Tamás Király: Hungary’s King of Fashion

Photograph by Almási J. Csaba, 1990. Courtesy Ludwig Múzeum.

Few Hungarian designers have made a name for themselves on the international stage. Ready to-wear brands Nanushka and Sugarbird, and demi-couture Abodi are a few of the contemporary brands that have recently captured the attention of the fashion industry. Long before this contingent, Tamás Király (1952-2013) broke through the barriers imposed by the socialist system to present politically-informed collections in both Hungary and abroad. The neo avant-garde Király was not a fashion designer in the traditional sense of the term. He created what he called ‘clothing sculptures,’ which he often made out of mundane, ephemeral materials and objects such as fishing rope and kitchen supplies. As such, his garments and accessories skirted the line between the everyday and the fanciful. He sold his collections at New Art Studio, a collaborative underground boutique that he ran with his fellow designer friends. Due to his affinity for unusual designs and those who consumed them, Király referred to himself as an ‘anti-fashion fashion designer,’ a term that the Hungarian press, starting with the general-interest magazine Új Tükör (New Mirror), readily adopted.1

Király’s created his exaggerated, fantastical designs in defiance of with what was considered ‘socialist good taste,’ standing up to established conventions of both the regime and the ready-to-wear industry.2 Although the majority of his pieces were not explicitly political, he did occasionally take the opportunity to present garments and imagery that were controversial.
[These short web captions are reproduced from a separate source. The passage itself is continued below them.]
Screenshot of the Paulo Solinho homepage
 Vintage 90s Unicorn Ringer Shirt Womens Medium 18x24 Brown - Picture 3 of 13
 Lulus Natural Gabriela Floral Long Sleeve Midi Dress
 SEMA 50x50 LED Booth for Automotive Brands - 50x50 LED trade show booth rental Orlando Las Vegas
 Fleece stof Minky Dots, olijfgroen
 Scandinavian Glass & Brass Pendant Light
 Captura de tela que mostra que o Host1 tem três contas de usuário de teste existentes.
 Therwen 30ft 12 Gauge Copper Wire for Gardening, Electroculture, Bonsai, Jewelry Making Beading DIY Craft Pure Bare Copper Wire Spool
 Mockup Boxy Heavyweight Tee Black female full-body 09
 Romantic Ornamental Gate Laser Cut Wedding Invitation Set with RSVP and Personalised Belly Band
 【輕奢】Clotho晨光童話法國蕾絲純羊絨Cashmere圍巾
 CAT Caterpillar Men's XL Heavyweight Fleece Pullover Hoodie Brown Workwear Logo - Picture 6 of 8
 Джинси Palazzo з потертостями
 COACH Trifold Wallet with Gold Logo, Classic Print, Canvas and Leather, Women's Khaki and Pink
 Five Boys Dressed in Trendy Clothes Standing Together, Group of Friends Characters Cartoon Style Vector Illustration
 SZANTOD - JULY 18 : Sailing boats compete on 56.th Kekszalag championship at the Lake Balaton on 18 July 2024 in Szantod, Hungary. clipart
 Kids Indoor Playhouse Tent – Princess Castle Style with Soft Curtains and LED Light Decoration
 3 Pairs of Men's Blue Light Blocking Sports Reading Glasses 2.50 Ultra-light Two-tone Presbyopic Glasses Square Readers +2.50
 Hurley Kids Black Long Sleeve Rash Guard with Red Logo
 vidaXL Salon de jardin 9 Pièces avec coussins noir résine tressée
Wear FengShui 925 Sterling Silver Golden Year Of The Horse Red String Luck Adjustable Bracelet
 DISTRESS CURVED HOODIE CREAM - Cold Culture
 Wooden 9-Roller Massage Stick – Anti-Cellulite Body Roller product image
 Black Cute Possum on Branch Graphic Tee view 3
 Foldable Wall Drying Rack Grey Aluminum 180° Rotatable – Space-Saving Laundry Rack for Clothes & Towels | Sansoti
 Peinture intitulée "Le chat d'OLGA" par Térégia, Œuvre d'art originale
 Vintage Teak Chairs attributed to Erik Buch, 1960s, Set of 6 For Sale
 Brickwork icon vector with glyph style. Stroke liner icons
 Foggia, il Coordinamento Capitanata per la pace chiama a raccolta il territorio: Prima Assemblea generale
In 1987, the red star, a symbol of communist military might, was transformed by Király into a multi-dimensional dress with massive points radiating off the wearer’s body.3 In 1989, Király boldly photographed a model wearing a hat that he built as a small-scale replica of the dome of the Hungarian Parliament Building — complete with the infamous red star on top — right across the Danube with its inspiration in plain sight.4 Dressed in a hodgepodge of various different layers and prints, the model and her hat were an eyesore next to the otherwise scenic landscape, effectively transmitting his views of the regime in a coy, playful manner.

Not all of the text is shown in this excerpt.